Portsmouth
Tax-deferral applications available through end of Dec.
01:00 AM EST on Tuesday, November 21, 2006
PORTSMOUTH — Applications for tax deferrals for disabled or elderly low-income homeowners will be available through Dec. 31 in the office of the tax assessor and tax collector in Town Hall or may be downloaded from the town’s Web site, according to town officials.
The Town Council recently enacted an ordinance allowing homeowners who are disabled or at least 65 to seek deferral of a portion of their taxes if their property-tax bill exceeds 10 percent of their gross annual income.
The current application period will cover taxes assessed Dec. 31 of this year, for the fiscal period that begins next July1.
On the town’s Web site, www.portsmouthri.com, applicants can find the application form by going first to “offices and services” and then clicking on the title for the office of the tax assessor and tax collector.
A surviving spouse who is at least 50 years old is eligible if his or her partner was at least 65 at the time of death.
The program does not waive taxes outright but postpones them until the homeowner dies or sells the property.
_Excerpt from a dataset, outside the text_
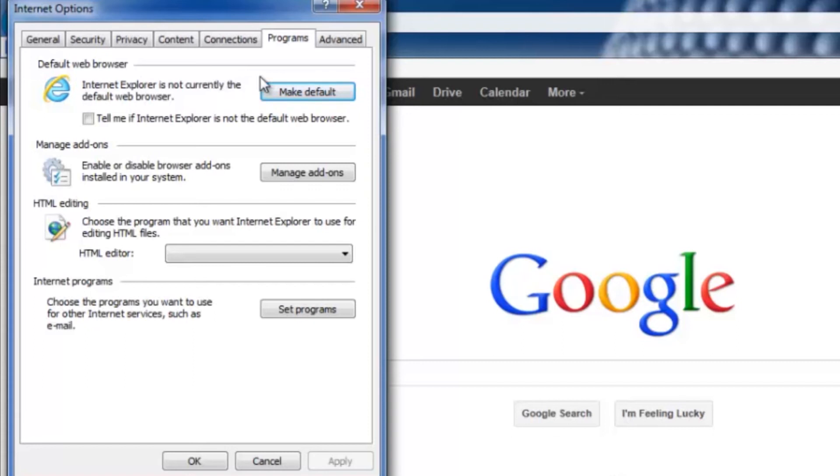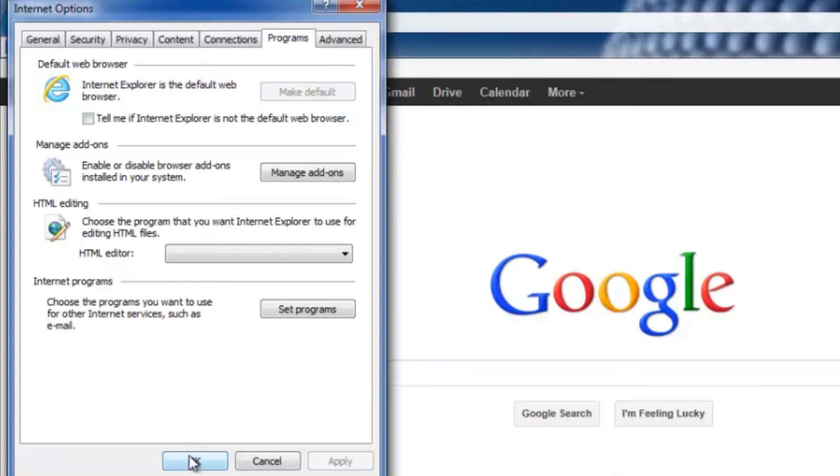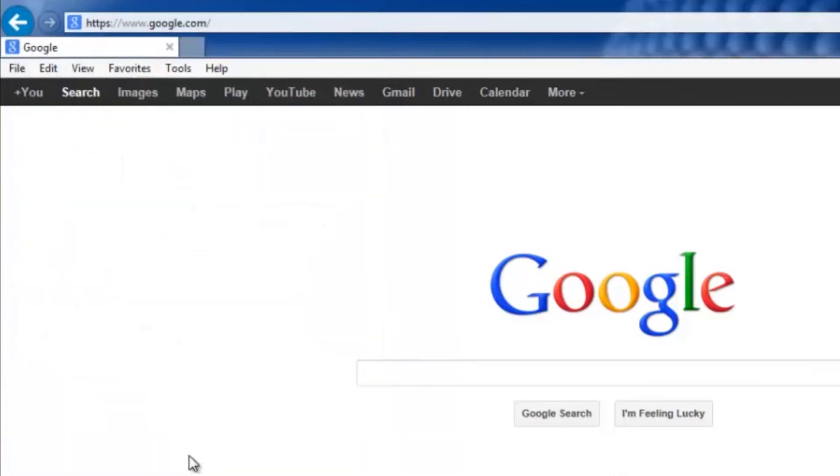So just go ahead and click Make Default, and there you go. You can see it's updated. It says Internet Explorer is the default web browser. Just go ahead and click OK, and you are good to go.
It is meant to complement a pre-existing ordinance which gives outright tax exemptions of up to 80 percent to low-income elderly homeowners.
But the enabling legislation that allowed the council to enact the tax deferral does not specify an income limit for applicants — only that the tax bill must exceed 10 percent of the gross income.
The council has asked the town solicitor to draft proposed changes to the enabling legislation that would explicitly limit the tax deferral to those elderly and disabled homeowners who qualify for the low-income program, which is available to those who make no more than 125 percent of the federal poverty level.
Another change proposed by the council would make condominiums eligible for the program, in addition to single-family houses.
The council also wants new language to specify that the deferred amount of the tax bill is only the portion that exceeds 10 percent of the applicant’s total income, and that there is sufficient equity in the property to ensure that the town will eventually recover the deferred taxes.
The changes must be enacted by the General Assembly before the council can amend the ordinance.